## Material provided
• • • • • • •

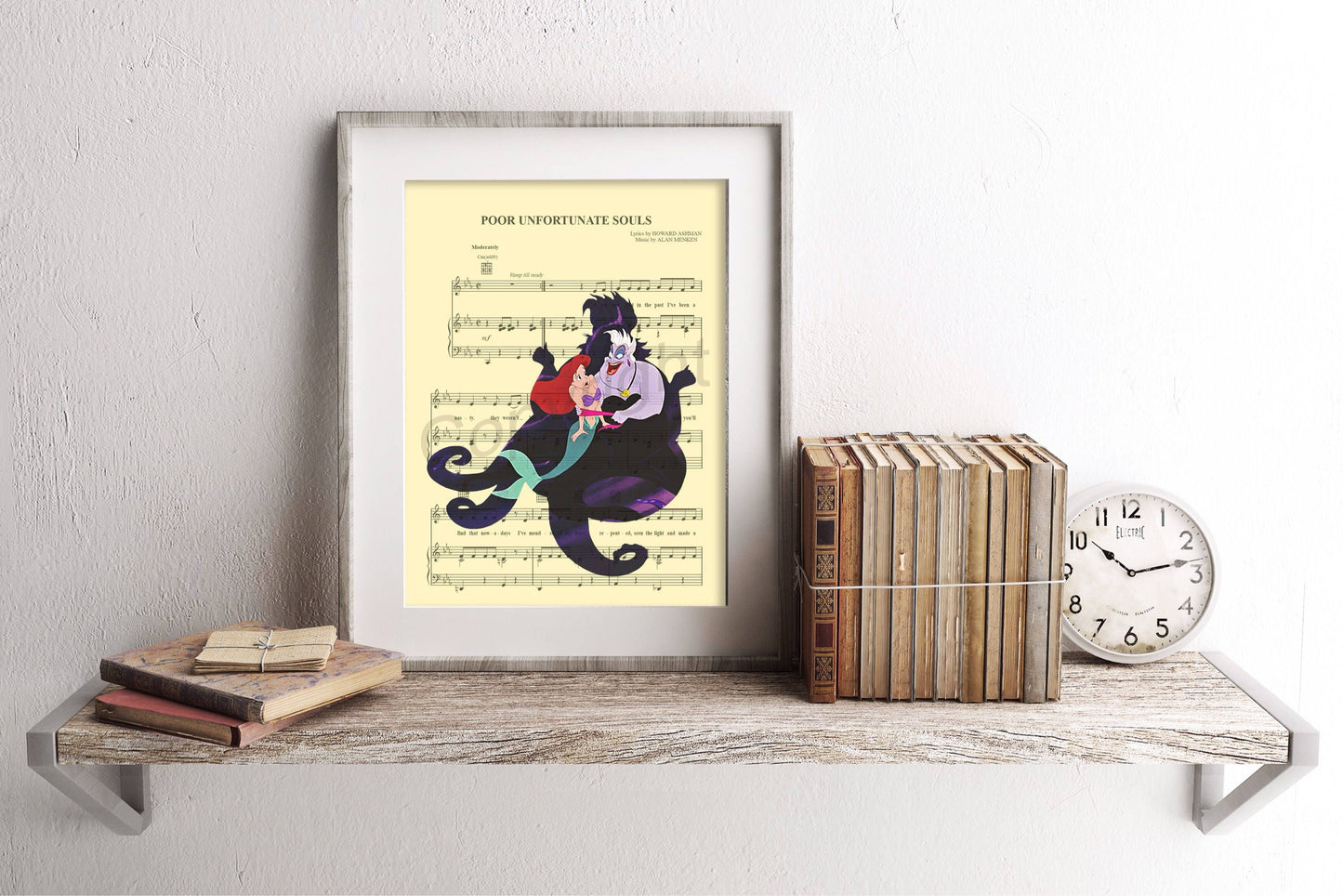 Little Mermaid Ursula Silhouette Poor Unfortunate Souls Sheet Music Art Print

• • • • • • •

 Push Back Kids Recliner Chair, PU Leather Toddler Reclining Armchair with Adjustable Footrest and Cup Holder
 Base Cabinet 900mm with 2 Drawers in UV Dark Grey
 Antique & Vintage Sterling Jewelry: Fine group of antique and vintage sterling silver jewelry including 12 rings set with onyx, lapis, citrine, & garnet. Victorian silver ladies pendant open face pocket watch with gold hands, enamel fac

• • • • • • •

## Prompt
What lines in the material above contain the word "with"? Copy them out.

## Written solution
 Push Back Kids Recliner Chair, PU Leather Toddler Reclining Armchair with Adjustable Footrest and Cup Holder
 Base Cabinet 900mm with 2 Drawers in UV Dark Grey
 Antique & Vintage Sterling Jewelry: Fine group of antique and vintage sterling silver jewelry including 12 rings set with onyx, lapis, citrine, & garnet. Victorian silver ladies pendant open face pocket watch with gold hands, enamel fac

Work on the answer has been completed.